Espressif chips are not "hardened" to the extent that you could use them, e.g. in a bank, medical or defense environment (to my knowledge anyway). As a consequence, a dedicated adversary would likely always be able to extract your firmware, possibly by means of an electron microscope, laser attacks and tungsten probes sniffing the processor in operation, etc. etc.
But a number of differentiated tools are provided that allow for solid protection for a number of different use cases. For most practical scenarios, the tools provided in the IDF are able to prevent firmware extraction. These tools necessarily make support and diagnostics more difficult, so there is a tradeoff to using them you need to understand.
I guess the short answer could be: the built in mechanisms should prevent a knowledgeable adversary like an ee graduate student with access to typical electronic lab equipment like an oscilloscope from extracting a usable copy of the firmware. Of course they could still come up with a clever side channel. I couldn't estimate how difficult it would be for a specialized lab, e.g. a hardware security research group, the FBI or if the folks at Intel or NXP etc. were really interested in your firmware, but I assume probably not very given the funds.

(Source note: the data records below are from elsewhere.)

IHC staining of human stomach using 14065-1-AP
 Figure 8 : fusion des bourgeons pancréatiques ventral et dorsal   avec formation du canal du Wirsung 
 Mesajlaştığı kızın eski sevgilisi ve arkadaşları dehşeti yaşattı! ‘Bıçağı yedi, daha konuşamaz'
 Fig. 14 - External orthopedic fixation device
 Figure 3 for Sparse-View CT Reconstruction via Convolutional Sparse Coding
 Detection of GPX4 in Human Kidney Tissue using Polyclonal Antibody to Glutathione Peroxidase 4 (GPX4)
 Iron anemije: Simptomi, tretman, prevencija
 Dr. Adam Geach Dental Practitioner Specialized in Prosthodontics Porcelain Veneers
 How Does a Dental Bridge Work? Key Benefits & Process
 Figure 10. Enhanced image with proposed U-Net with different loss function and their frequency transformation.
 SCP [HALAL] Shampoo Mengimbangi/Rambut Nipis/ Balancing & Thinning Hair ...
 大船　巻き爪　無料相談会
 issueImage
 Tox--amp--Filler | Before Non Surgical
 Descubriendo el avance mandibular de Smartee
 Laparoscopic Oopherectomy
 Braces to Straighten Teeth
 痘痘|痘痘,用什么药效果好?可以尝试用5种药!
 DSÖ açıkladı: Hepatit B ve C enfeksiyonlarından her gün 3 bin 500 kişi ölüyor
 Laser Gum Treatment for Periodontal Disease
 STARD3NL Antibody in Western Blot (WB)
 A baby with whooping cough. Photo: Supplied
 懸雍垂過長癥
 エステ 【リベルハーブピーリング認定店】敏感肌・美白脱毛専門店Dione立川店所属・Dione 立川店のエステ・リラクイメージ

For a more nuanced answer, I'd start by exploring the different firmware protection mechanisms available. A good place to start would be reading about fuses e.g. here:
https://docs.espressif.com/projects/esp ... efuse.html another topic could be flash encryption, e.g. describe here:
https://docs.espressif.com/projects/esp ... ption.html
Firmware protection consists of more than just setting it to "really protected". You'll be able to get a more qualified answer once you understand the different aspects and can ask more specific questions.